Written by Michael Larabel in Mesa on 11 October 2013 at 08:23 AM EDT. 56 Comments
MESA
The core Mesa library and Intel's open-source DRI Mesa driver is now in full compliance with the OpenGL 3.2 specification with GLSL 1.50. As a result, the Mesa version for the next release is being bumped from Mesa 9.3 to Mesa 10.0, as has been expected to be the case for some weeks now. Ahead of the Mesa 10.0 release planned for November, the Intel driver might also reach compliance with OpenGL 3.3 too.
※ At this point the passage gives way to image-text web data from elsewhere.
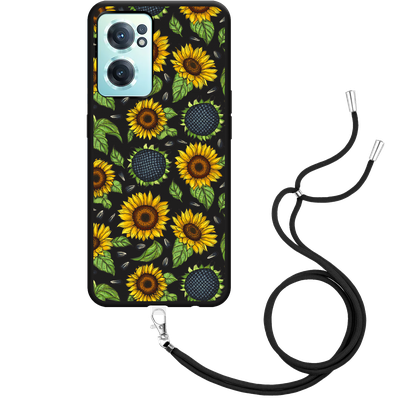 Cazy Hoesje met Koord Zwart geschikt voor OnePlus Nord CE2 - Sunflowers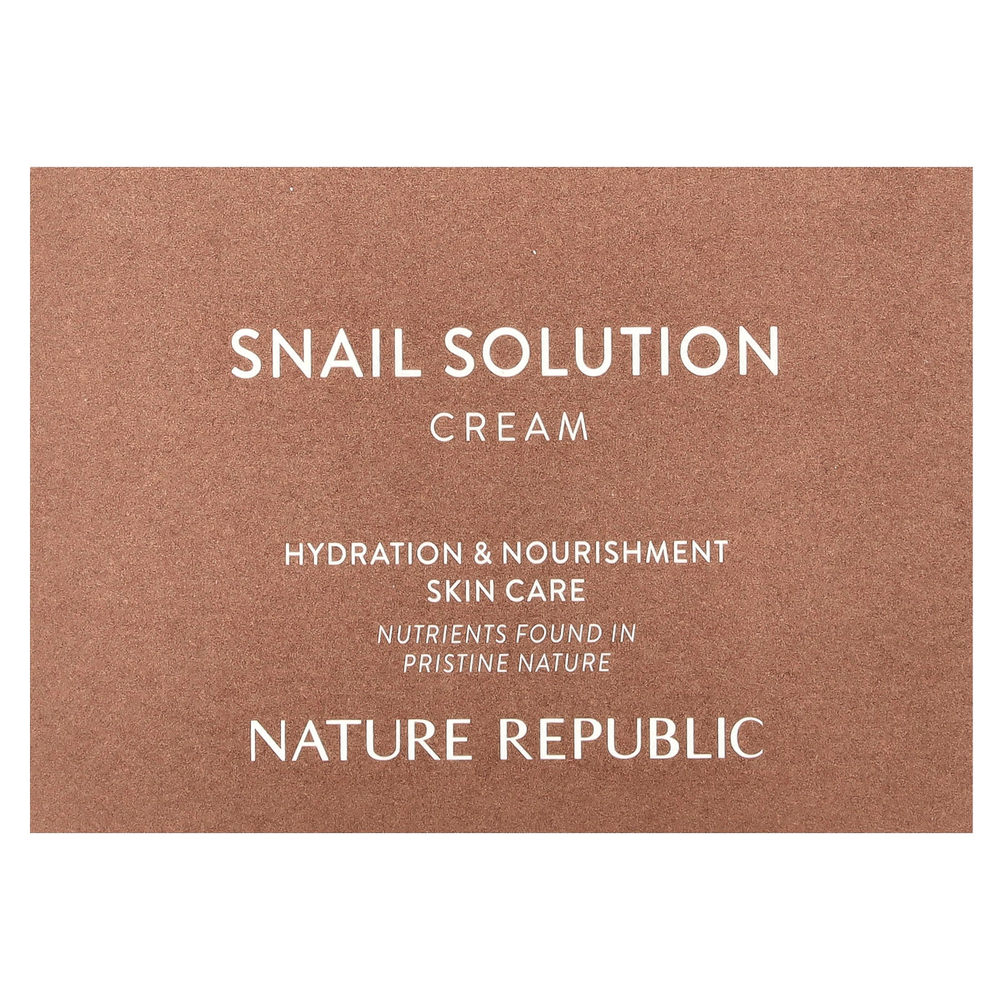 Nature Republic, Snail Solution, крем с экстрактом улитки, 52 мл (1,75 жидк. унции)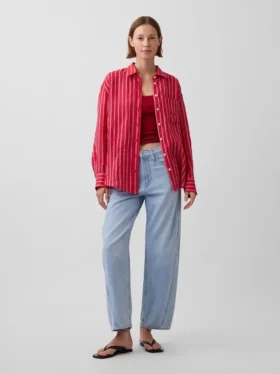 Oversize-Hemd aus 100 % Leinen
It's taken a long time to reach OpenGL 3.2 compliance -- Mesa 9.0 with OpenGL 3.1 support came last year. The OpenGL 3.2 specification itself has been out since August of 2009, thus taking Mesa four years to implement as it also took quite a while in reaching OpenGL 3.0 and 3.1 compatibility. OpenGL 3.2 introduced geometry shaders, synchronization primitives, a new multi-sample texture type, and various other new extensions were added to the OpenGL Core Profile.

Meanwhile, the latest upstream Khronos Group specification is OpenGL 4.4. The binary AMD and NVIDIA drivers are capable of OpenGL 4.4 but the open-source drivers are not. The open-source Intel Mesa driver is best conditioned as there's dozens of Open-Source Technology Center employees working on the code and advancing Mesa's GL/GLSL support. The open-source Radeon and Nouveau drivers are still limited to OpenGL 3.1 (or 2.1~3.0 for the Radeon Southern Islands driver and similar for the LLVMpipe driver) and bits of various other GL extensions and GLSL functionality. These other drivers will catch-up in due time.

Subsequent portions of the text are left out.